Task directions
Below are records; the lines starting at the one with "In this video we" and ending at the one with "Apnea kitabhaan kholo." must be reproduced exactly, both included. Pictures must not appear.

Entries supplied
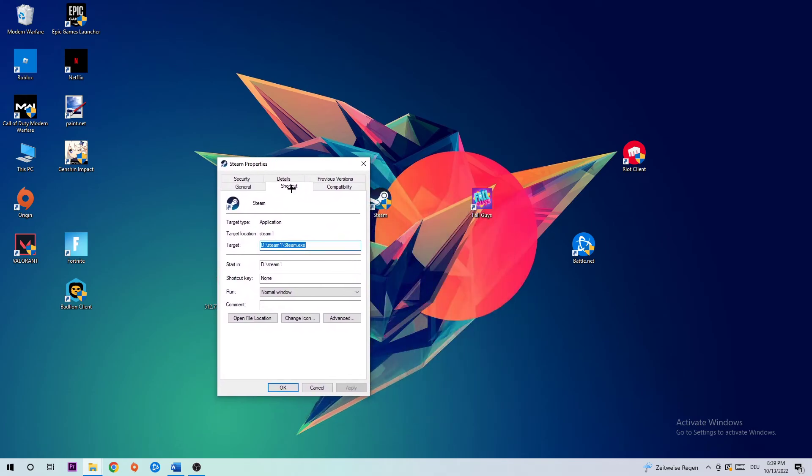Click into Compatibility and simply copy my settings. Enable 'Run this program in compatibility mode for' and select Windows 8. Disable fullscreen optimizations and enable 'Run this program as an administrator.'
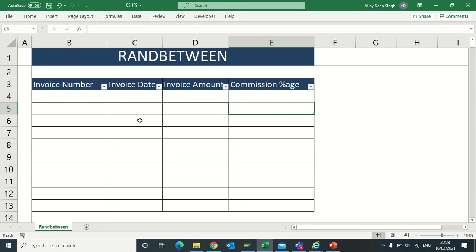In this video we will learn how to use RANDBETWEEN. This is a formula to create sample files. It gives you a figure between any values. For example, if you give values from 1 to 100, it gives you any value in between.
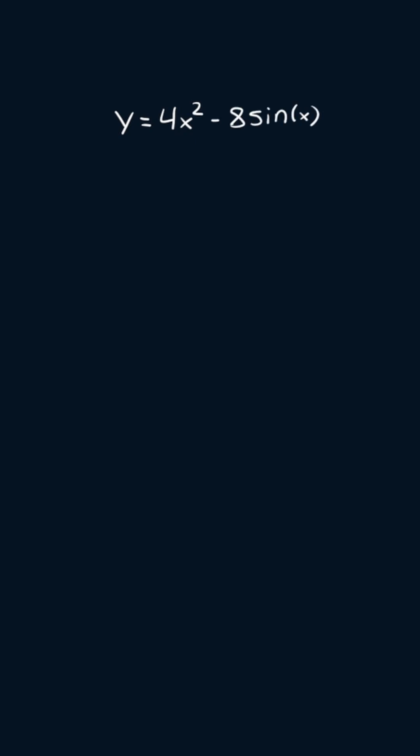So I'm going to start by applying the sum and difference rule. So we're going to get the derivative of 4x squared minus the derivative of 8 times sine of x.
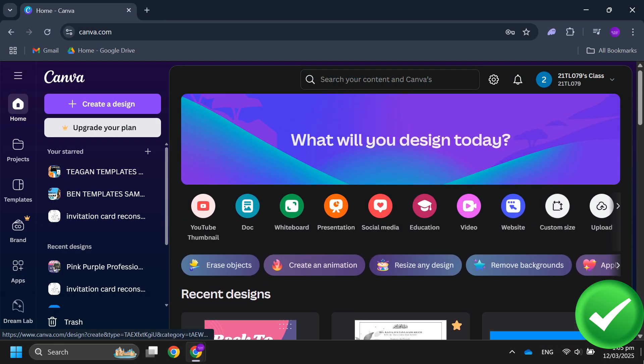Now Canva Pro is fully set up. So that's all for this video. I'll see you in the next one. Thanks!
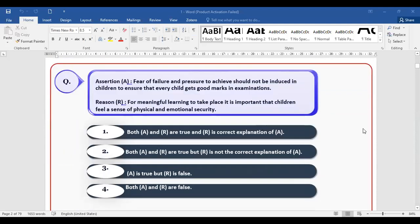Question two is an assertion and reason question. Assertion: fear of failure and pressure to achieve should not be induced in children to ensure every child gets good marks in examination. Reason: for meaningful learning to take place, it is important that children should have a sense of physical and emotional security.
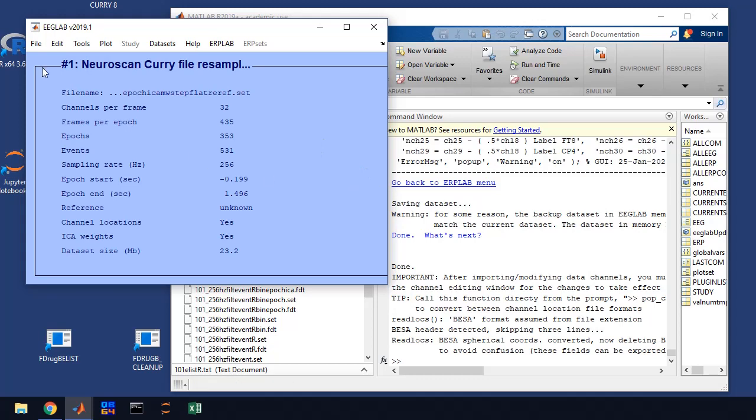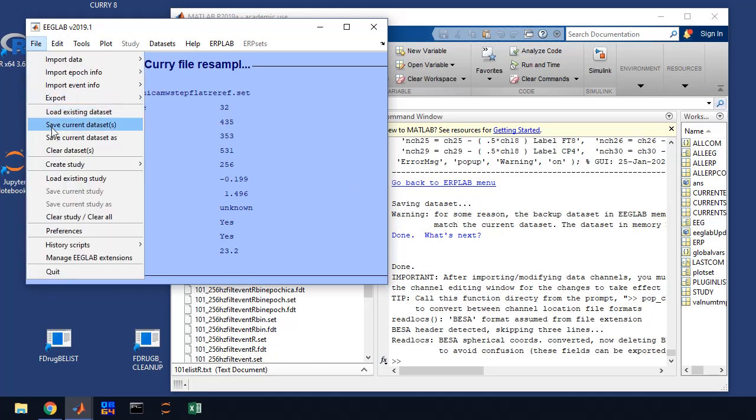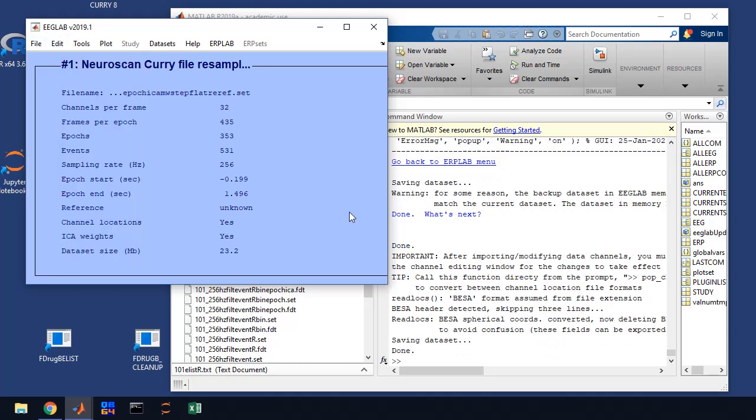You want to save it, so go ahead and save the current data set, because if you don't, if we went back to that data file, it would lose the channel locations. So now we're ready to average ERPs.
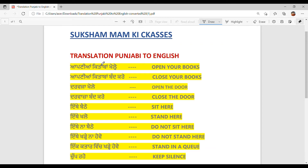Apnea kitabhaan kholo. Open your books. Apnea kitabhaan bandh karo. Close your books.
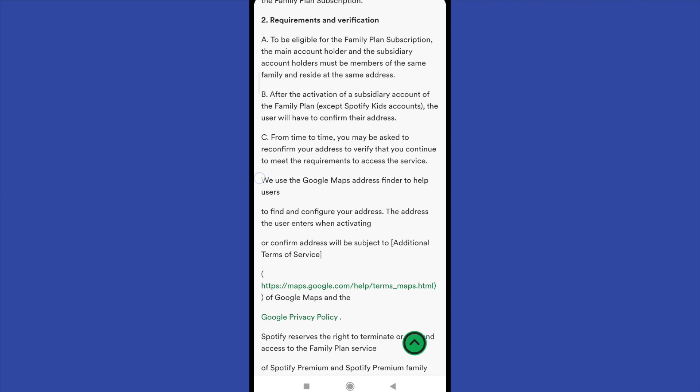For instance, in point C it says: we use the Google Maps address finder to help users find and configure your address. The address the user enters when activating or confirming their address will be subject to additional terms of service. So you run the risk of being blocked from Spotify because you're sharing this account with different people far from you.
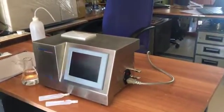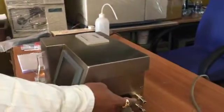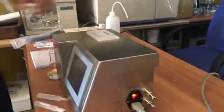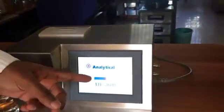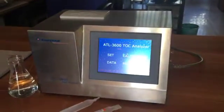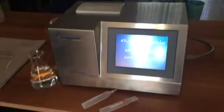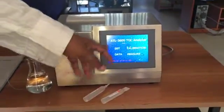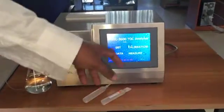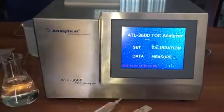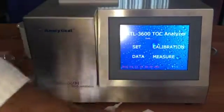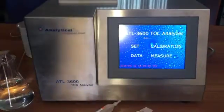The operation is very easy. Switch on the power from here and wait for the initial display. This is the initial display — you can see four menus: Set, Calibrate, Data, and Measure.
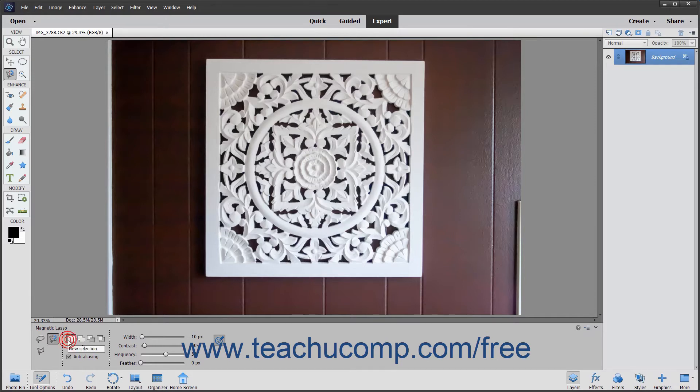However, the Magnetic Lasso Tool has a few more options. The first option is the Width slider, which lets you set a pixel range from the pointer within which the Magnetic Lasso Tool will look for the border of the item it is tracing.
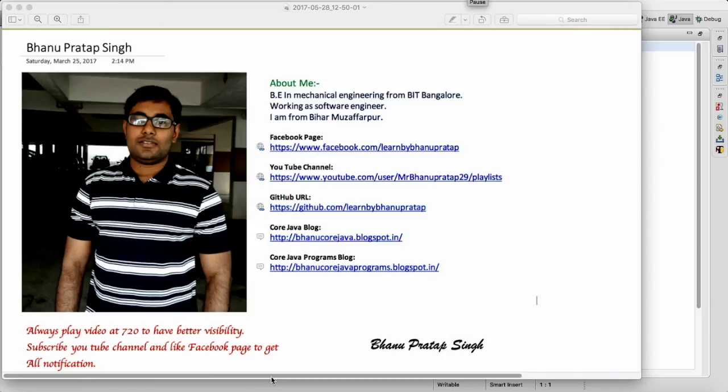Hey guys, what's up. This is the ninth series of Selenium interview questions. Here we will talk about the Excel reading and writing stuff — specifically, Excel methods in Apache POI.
---
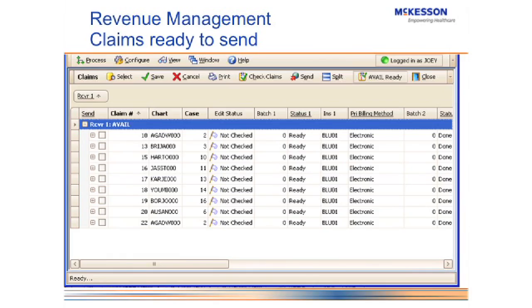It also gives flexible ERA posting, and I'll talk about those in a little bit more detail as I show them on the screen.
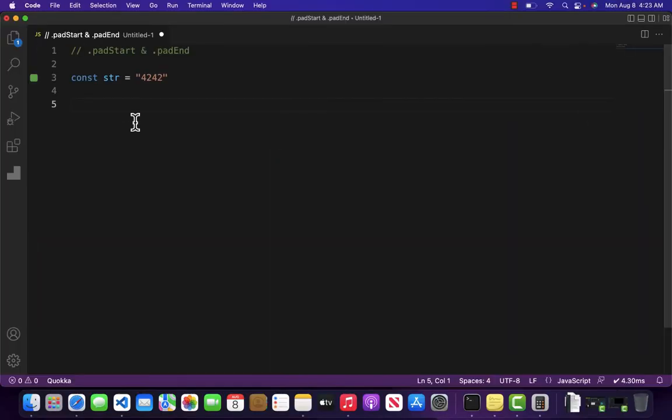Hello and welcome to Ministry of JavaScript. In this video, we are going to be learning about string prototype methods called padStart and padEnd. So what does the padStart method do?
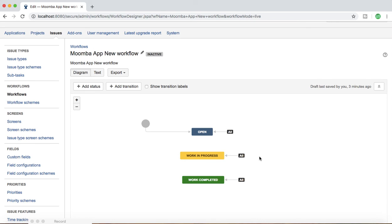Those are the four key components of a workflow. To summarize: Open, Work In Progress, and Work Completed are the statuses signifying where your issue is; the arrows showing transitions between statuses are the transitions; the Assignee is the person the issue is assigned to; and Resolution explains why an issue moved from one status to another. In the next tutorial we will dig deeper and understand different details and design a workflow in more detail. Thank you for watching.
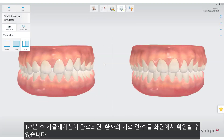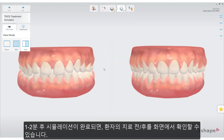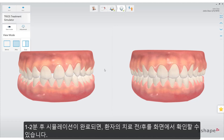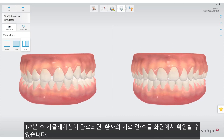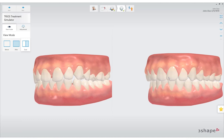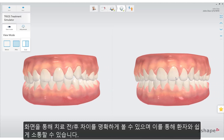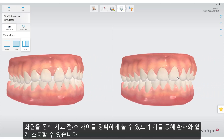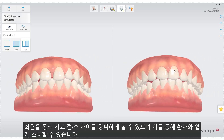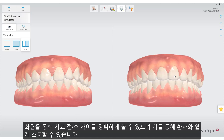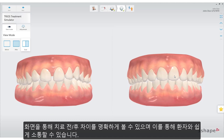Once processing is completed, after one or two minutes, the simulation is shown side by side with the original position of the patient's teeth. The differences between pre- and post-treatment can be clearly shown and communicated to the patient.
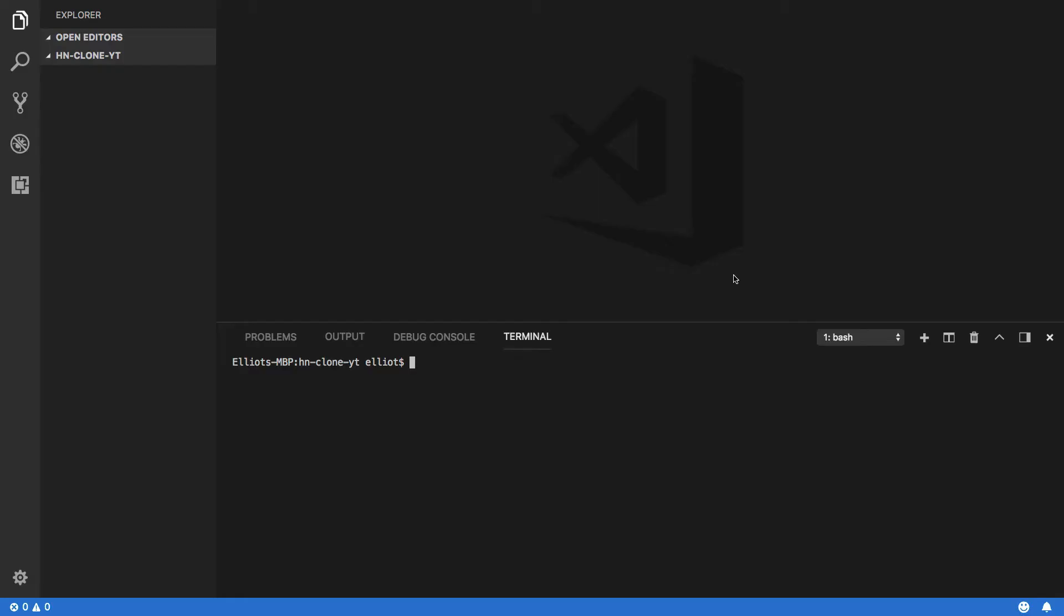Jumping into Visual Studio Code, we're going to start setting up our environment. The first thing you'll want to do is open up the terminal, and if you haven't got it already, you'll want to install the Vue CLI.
...
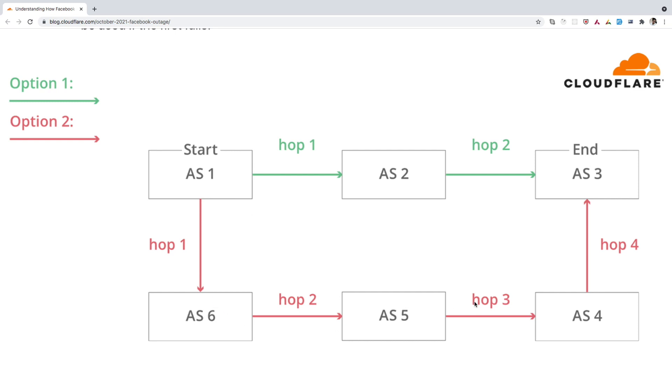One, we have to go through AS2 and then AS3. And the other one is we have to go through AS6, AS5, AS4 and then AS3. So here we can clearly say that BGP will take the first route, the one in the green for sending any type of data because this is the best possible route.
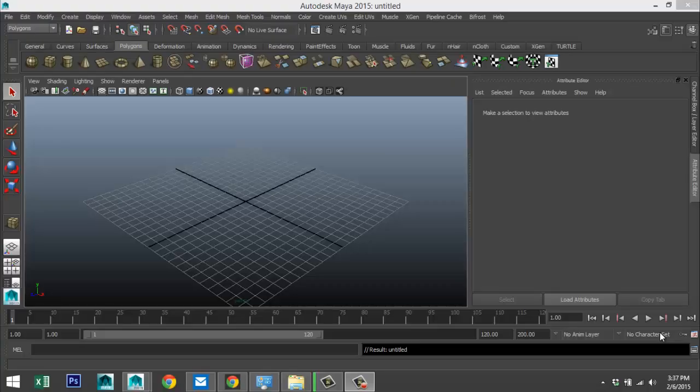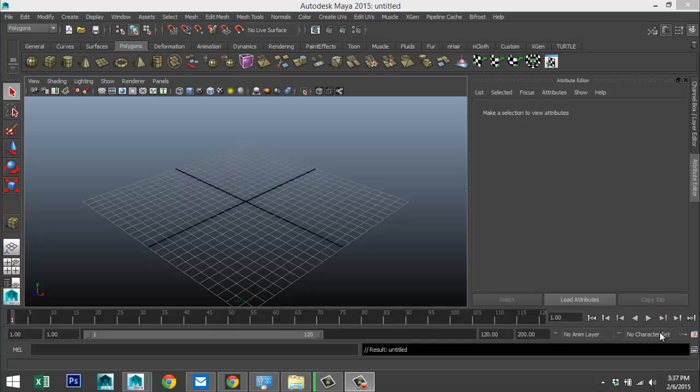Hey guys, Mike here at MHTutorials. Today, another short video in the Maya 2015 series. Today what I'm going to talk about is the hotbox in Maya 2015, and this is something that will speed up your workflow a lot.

Exercise output
In this video we will learn how to use RANDBETWEEN. This is a formula to create sample files. It gives you a figure between any values. For example, if you give values from 1 to 100, it gives you any value in between.
So I'm going to start by applying the sum and difference rule. So we're going to get the derivative of 4x squared minus the derivative of 8 times sine of x.
Now Canva Pro is fully set up. So that's all for this video. I'll see you in the next one. Thanks!
Question two is an assertion and reason question. Assertion: fear of failure and pressure to achieve should not be induced in children to ensure every child gets good marks in examination. Reason: for meaningful learning to take place, it is important that children should have a sense of physical and emotional security.
You want to save it, so go ahead and save the current data set, because if you don't, if we went back to that data file, it would lose the channel locations. So now we're ready to average ERPs.
Apnea kitabhaan kholo. Open your books. Apnea kitabhaan bandh karo. Close your books.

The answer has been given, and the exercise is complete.